- ABOUT THIS EXERCISE
The answer must be the lines from the one containing "18 Gauge 2-in-1" through the last line of the data below, copied exactly, with nothing else.

- THE RECORDS
§ §

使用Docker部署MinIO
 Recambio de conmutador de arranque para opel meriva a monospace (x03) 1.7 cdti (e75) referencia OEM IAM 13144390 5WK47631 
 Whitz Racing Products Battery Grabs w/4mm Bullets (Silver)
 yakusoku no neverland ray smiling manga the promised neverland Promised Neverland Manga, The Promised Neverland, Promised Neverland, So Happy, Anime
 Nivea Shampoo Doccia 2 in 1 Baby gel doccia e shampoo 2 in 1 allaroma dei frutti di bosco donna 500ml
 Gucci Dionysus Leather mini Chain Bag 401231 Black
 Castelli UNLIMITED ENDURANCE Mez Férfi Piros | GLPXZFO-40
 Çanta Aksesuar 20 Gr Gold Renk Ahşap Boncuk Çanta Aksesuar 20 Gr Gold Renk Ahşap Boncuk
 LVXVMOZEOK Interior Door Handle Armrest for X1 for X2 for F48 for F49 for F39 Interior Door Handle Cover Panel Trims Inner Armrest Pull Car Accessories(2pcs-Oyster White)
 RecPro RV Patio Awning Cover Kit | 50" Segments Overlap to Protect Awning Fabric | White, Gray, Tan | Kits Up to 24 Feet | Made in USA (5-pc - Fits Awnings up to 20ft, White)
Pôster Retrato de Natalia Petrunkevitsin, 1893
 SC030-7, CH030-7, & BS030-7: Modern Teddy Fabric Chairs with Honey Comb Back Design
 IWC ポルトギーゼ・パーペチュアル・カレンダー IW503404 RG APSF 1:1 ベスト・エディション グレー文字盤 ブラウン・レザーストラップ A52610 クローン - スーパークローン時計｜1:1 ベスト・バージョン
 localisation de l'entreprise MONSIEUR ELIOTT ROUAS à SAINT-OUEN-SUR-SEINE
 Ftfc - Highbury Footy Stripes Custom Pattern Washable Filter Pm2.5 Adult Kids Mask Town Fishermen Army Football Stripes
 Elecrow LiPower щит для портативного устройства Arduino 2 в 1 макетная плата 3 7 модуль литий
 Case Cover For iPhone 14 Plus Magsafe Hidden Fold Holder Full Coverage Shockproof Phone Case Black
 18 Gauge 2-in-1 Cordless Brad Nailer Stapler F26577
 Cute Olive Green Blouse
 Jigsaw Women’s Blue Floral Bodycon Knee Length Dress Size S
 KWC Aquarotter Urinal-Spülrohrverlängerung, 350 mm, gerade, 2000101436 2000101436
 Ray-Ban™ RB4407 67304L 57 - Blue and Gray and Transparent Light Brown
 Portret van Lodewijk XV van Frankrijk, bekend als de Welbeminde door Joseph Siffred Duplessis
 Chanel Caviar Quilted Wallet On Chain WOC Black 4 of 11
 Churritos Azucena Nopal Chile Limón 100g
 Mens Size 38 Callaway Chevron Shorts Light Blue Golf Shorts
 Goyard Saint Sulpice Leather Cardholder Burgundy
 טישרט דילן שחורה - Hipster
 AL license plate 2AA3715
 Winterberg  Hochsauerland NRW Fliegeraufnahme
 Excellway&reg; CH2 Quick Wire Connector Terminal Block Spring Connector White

§ §

- ANSWER BOX
 18 Gauge 2-in-1 Cordless Brad Nailer Stapler F26577
 Cute Olive Green Blouse
 Jigsaw Women’s Blue Floral Bodycon Knee Length Dress Size S
 KWC Aquarotter Urinal-Spülrohrverlängerung, 350 mm, gerade, 2000101436 2000101436
 Ray-Ban™ RB4407 67304L 57 - Blue and Gray and Transparent Light Brown
 Portret van Lodewijk XV van Frankrijk, bekend als de Welbeminde door Joseph Siffred Duplessis
 Chanel Caviar Quilted Wallet On Chain WOC Black 4 of 11
 Churritos Azucena Nopal Chile Limón 100g
 Mens Size 38 Callaway Chevron Shorts Light Blue Golf Shorts
 Goyard Saint Sulpice Leather Cardholder Burgundy
 טישרט דילן שחורה - Hipster
 AL license plate 2AA3715
 Winterberg  Hochsauerland NRW Fliegeraufnahme
 Excellway&reg; CH2 Quick Wire Connector Terminal Block Spring Connector White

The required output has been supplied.